• Work task: Omit all pictures and transcribe only the lines in the entries below that run from the line with "譲渡し等の目的、行為者、対象物別に手続きの流れを示したフローチャート" through the line with "太平天国运动教学课件.ppt_第2页".

------ Records provided

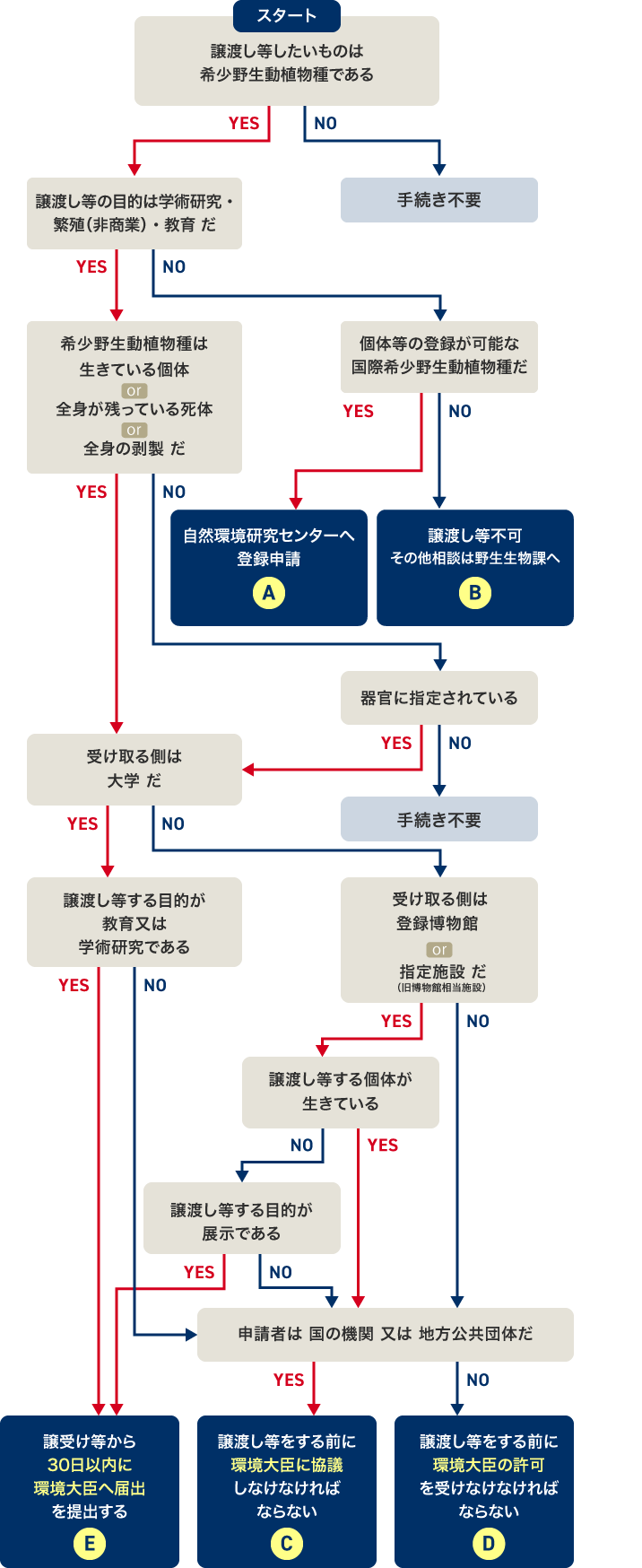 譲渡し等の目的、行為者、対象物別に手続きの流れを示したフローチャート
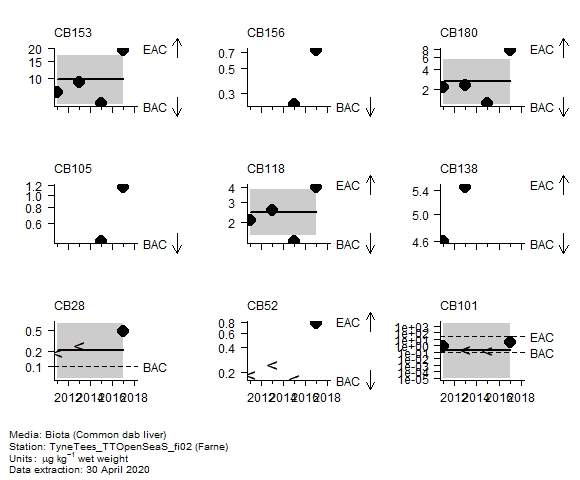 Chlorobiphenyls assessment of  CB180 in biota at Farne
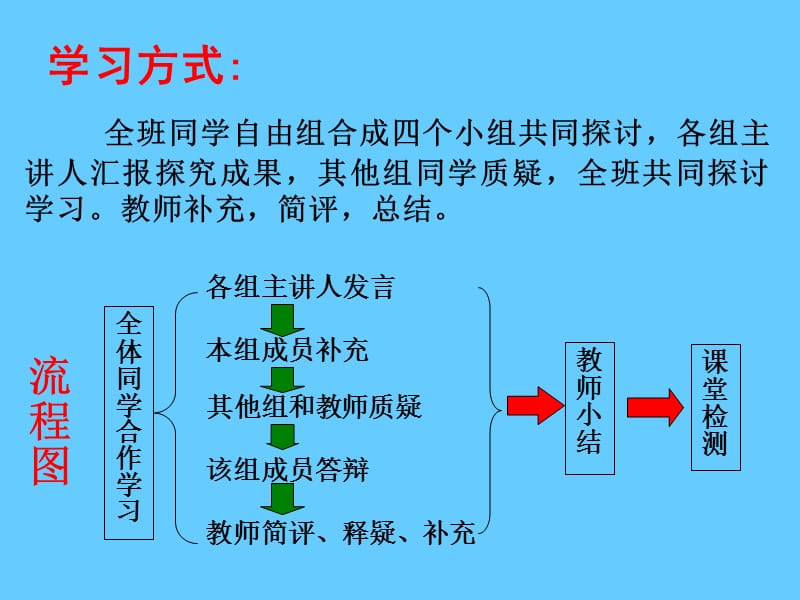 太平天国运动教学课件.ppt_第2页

------------
------ Records provided

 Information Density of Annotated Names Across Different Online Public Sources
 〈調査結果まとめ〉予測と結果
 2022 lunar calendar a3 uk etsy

------------
------ Records provided

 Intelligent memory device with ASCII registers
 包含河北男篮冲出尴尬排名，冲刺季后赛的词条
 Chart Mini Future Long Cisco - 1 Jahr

------------

• Result of the exercise:
 譲渡し等の目的、行為者、対象物別に手続きの流れを示したフローチャート
 Chlorobiphenyls assessment of  CB180 in biota at Farne
 太平天国运动教学课件.ppt_第2页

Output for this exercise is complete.